Python set with the ability to pop a random element - python

I am in need of a Python (2.7) object that functions like a set (fast insertion, deletion, and membership checking) but has the ability to return a random value. Previous questions asked on stackoverflow have answers that are things like:
import random
random.sample(mySet, 1)
But this is quite slow for large sets (it runs in O(n) time).
Other solutions aren't random enough (they depend on the internal representation of python sets, which produces some results which are very non-random):
for e in mySet:
break
# e is now an element from mySet
I coded my own rudimentary class which has constant time lookup, deletion, and random values.
class randomSet:
def __init__(self):
self.dict = {}
self.list = []
def add(self, item):
if item not in self.dict:
self.dict[item] = len(self.list)
self.list.append(item)
def addIterable(self, item):
for a in item:
self.add(a)
def delete(self, item):
if item in self.dict:
index = self.dict[item]
if index == len(self.list)-1:
del self.dict[self.list[index]]
del self.list[index]
else:
self.list[index] = self.list.pop()
self.dict[self.list[index]] = index
del self.dict[item]
def getRandom(self):
if self.list:
return self.list[random.randomint(0,len(self.list)-1)]
def popRandom(self):
if self.list:
index = random.randint(0,len(self.list)-1)
if index == len(self.list)-1:
del self.dict[self.list[index]]
return self.list.pop()
returnValue = self.list[index]
self.list[index] = self.list.pop()
self.dict[self.list[index]] = index
del self.dict[returnValue]
return returnValue
Are there any better implementations for this, or any big improvements to be made to this code?
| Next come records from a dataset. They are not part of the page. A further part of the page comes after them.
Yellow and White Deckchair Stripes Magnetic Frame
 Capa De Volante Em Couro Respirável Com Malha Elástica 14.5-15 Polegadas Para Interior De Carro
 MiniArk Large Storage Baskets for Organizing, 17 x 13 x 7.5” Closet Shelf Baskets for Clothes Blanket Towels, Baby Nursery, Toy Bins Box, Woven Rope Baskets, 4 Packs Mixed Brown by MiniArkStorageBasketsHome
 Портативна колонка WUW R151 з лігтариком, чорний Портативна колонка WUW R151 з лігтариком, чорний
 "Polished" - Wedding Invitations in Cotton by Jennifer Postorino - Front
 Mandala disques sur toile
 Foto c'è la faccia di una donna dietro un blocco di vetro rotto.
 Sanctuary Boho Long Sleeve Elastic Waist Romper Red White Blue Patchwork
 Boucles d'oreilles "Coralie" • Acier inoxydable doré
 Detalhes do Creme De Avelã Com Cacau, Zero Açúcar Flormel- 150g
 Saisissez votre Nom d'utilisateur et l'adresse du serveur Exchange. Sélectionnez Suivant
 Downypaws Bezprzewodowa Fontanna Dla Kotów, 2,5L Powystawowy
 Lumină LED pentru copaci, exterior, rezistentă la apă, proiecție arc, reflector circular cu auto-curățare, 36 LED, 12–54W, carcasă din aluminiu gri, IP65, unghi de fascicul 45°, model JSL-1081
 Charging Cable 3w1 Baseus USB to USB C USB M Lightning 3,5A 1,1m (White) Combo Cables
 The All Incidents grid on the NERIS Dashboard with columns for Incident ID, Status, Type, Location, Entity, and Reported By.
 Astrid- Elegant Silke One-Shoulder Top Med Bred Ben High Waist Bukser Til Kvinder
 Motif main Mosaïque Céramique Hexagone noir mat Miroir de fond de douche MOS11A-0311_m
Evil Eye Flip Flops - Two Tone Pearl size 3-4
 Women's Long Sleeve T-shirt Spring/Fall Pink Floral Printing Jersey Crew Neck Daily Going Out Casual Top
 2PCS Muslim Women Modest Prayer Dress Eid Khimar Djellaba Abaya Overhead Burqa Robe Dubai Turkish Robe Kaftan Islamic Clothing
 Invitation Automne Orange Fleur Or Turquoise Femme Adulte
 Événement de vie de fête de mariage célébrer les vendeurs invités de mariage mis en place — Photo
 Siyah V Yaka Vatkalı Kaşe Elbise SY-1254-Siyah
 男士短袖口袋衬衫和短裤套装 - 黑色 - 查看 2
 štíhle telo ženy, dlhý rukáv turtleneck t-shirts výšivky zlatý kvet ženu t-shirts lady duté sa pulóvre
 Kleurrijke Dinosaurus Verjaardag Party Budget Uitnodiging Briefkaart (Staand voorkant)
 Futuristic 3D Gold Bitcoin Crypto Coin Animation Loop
I think the best way to do this would be to use the MutableSet abstract base class in collections. Inherit from MutableSet, and then define add, discard, __len__, __iter__, and __contains__; also rewrite __init__ to optionally accept a sequence, just like the set constructor does. MutableSet provides built-in definitions of all other set methods based on those methods. That way you get the full set interface cheaply. (And if you do this, addIterable is defined for you, under the name extend.)
discard in the standard set interface appears to be what you have called delete here. So rename delete to discard. Also, instead of having a separate popRandom method, you could just define popRandom like so:
def popRandom(self):
item = self.getRandom()
self.discard(item)
return item
That way you don't have to maintain two separate item removal methods.
Finally, in your item removal method (delete now, discard according to the standard set interface), you don't need an if statement. Instead of testing whether index == len(self.list) - 1, simply swap the final item in the list with the item at the index of the list to be popped, and make the necessary change to the reverse-indexing dictionary. Then pop the last item from the list and remove it from the dictionary. This works whether index == len(self.list) - 1 or not:
def discard(self, item):
if item in self.dict:
index = self.dict[item]
self.list[index], self.list[-1] = self.list[-1], self.list[index]
self.dict[self.list[index]] = index
del self.list[-1] # or in one line:
del self.dict[item] # del self.dict[self.list.pop()]

One approach you could take is to derive a new class from set which salts itself with random objects of a type derived from int.
You can then use pop to select a random element, and if it is not of the salt type, reinsert and return it, but if it is of the salt type, insert a new, randomly-generated salt object (and pop to select a new object).
This will tend to alter the order in which objects are selected. On average, the number of attempts will depend on the proportion of salting elements, i.e. amortised O(k) performance.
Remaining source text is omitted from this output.